What you are asked to do:
Take from the material every line that contains the word "Embroidered".

Provided material:
# # #

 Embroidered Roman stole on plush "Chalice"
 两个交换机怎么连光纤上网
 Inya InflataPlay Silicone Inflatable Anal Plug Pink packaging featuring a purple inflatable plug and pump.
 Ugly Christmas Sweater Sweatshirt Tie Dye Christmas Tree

# # #

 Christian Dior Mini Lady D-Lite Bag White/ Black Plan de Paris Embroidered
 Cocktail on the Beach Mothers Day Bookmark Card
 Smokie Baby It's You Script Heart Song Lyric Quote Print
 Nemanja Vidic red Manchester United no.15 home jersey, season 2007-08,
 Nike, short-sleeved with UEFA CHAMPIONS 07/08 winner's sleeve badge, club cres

# # #

Your solution:
 Embroidered Roman stole on plush "Chalice"
 Christian Dior Mini Lady D-Lite Bag White/ Black Plan de Paris Embroidered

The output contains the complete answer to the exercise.